This paper integrates the text feature with the behaviour feature, building on earlier concepts of ways to detect misleading reviews. Anomaly detection, data resampling, and a misleading scoring feature are implemented to address the effects of imbalance. In the event of a dataset with an imbalanced distribution of categories, it can better handle categorizing misleading reviews.

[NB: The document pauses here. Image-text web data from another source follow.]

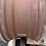 case-ih-30-image-14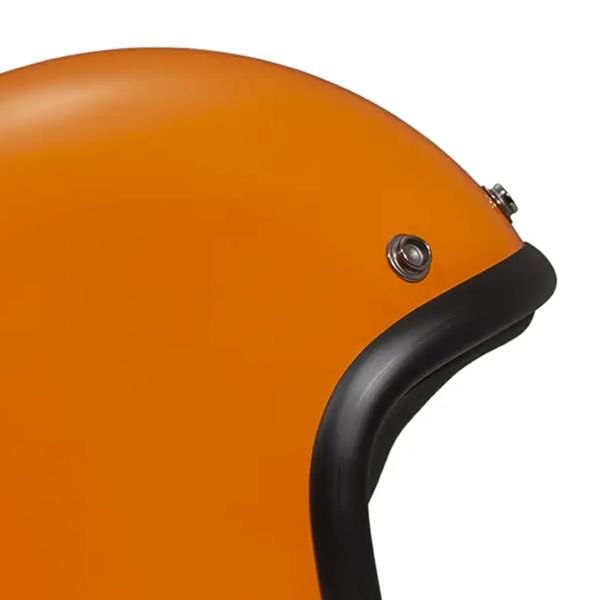 Dmd Retro Orange Matt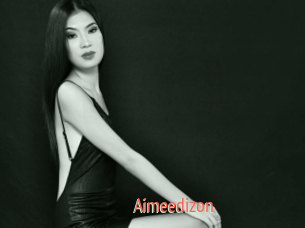 Aimeedizon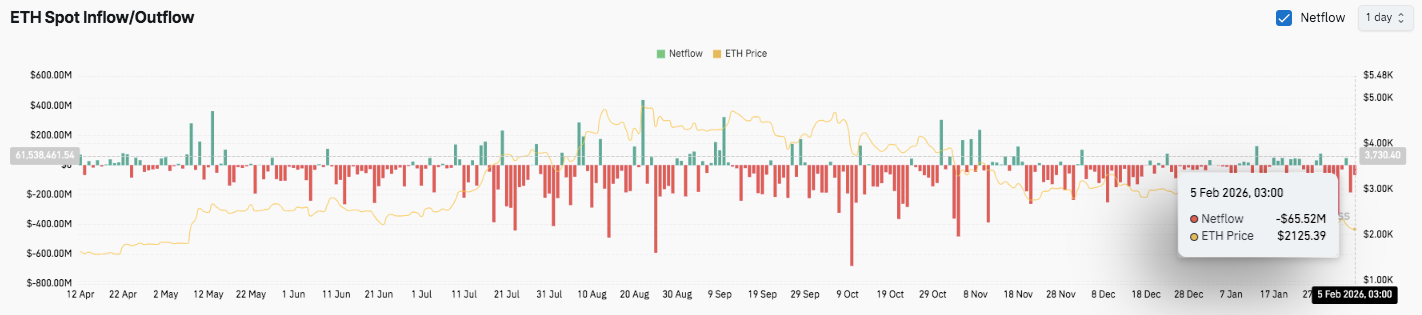 沈梦辰透露,职场压力引,发脱发,ebpay承兑,ebpay钱包,ebpay官网
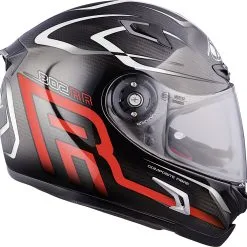 X-lite X-802RR Carbon Full-face Helmet 11 X-lite X-802RR Carbon Full-face Helmet -Helmet Spare Parts Sales be.c6.93.D1XLiteX802RRCarbonFAST21638641019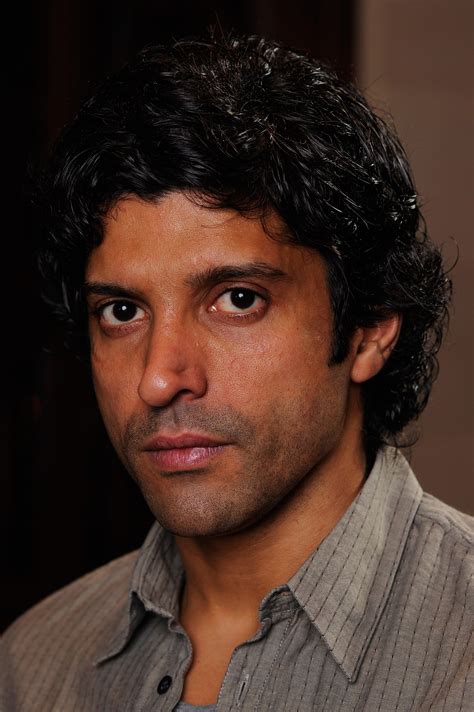 farhan akhtar contact info agent manager imdbpro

3. Framework for Illusive Review Model

To identify fraudulent reviews, this paper employs the technique of ensemble feature selection and multidimensional feature building. Simple data processing is considered for certain data levels with the headword probability shown in Figure 1. Figure 2 depicts the various procedures for the proposed framework based on multidimensional feature construction. We have considered the extended work of study [23] using additional methodological analysis and experiments with further datasets. We also compare our evaluation with existing methods of assessment.

3.1 Building features

In this part, we considered the preprocessing of text data and created structure text features from the text dataset as follows:

(a) Preprocessing Text: Preprocessing data is essential for accurate and successful feature extraction from the text. Standard text preprocessing steps include changing case, removing punctuation and stop words, correcting spelling and grammar mistakes, and fine-grained text segmentation. This paper uses Python's Natural Language Toolkit (NLTK) for preprocessing tasks. A text corpus is created for use in subsequent experiments after text preparation. The findings of the food dataset's preprocessing of reviews are displayed in Table 1.

(b) Text Feature Creation: Since computers aren't natural word processors, we must employ feature creation methods to convert English words into word vectors that computers can understand. The first step is to extract semantic information from word pairings using the Bigram algorithm.

It is possible to record the details of front and back word pairs using the N-gram [5] model (a tiny unit containing the number of words). This form of the N-gram is known as a Bigram when n = 2. With the review “I like Biryani in dinner” as an example, following word segmentation, stop word filtering, and Bigram processing, the sentence is transformed into {I, (I, like), like, (like, Biryani), Biryani, (Biryani, dinner)} which separates the formerly vague “I like Biryani in dinner” from “in dinner I like Biryani”.

1.png

Figure 1. Processing of dataset

2.jpg

Figure 2. Illusive model for multidimensional feature selection approach

Table 1. Preprocessing text

Original Text	Preprocessing
Bush used to have a white chili bean, which made this recipe super simple. I have written to them and asked them to please, bring them back	used to have a white chili bean and made this recipe super simple. have written to them and asked them to please, bring them back

During training the word, we use the Word2vec method. The three main layers of Word2vec [24] are the input, hidden, and output layers of a neural network model. The exact-dimensional word vector is trained from a high-dimensional One-Hot word vector used as input. The bag-of-words (BOW) models are present in Word2vec. The skip-gram concept is utilized in this work.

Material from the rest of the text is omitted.